### Dataset excerpt
▶
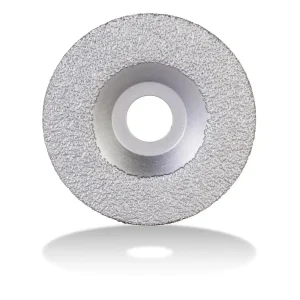 Rubi 4″ Vacuum Brazed Rough Diamond Grinder Blade | Coarse Grit - view 2
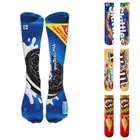 Новые смешные носки Харадзюку Еда Конфета сделай сампиццыпеченье печатных милый носки молочный творческая жизнь носки Chaussette Femme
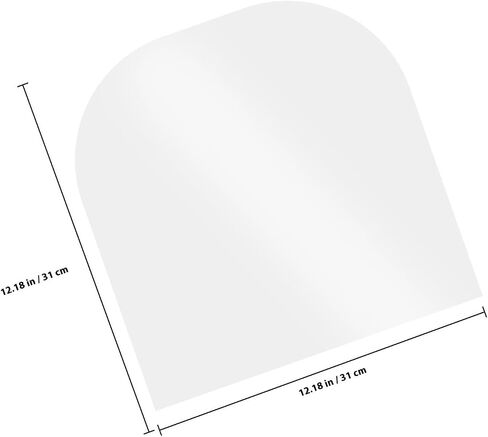 50pcs Inch Vinyl Record Sleeves Anti Static Pp White Protective Cover in Kuwait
◀
### The problem
Retype the whole listing, keeping every line identical and omitting all pictures.

### Reply
 Rubi 4″ Vacuum Brazed Rough Diamond Grinder Blade | Coarse Grit - view 2
 Новые смешные носки Харадзюку Еда Конфета сделай сампиццыпеченье печатных милый носки молочный творческая жизнь носки Chaussette Femme
 50pcs Inch Vinyl Record Sleeves Anti Static Pp White Protective Cover in Kuwait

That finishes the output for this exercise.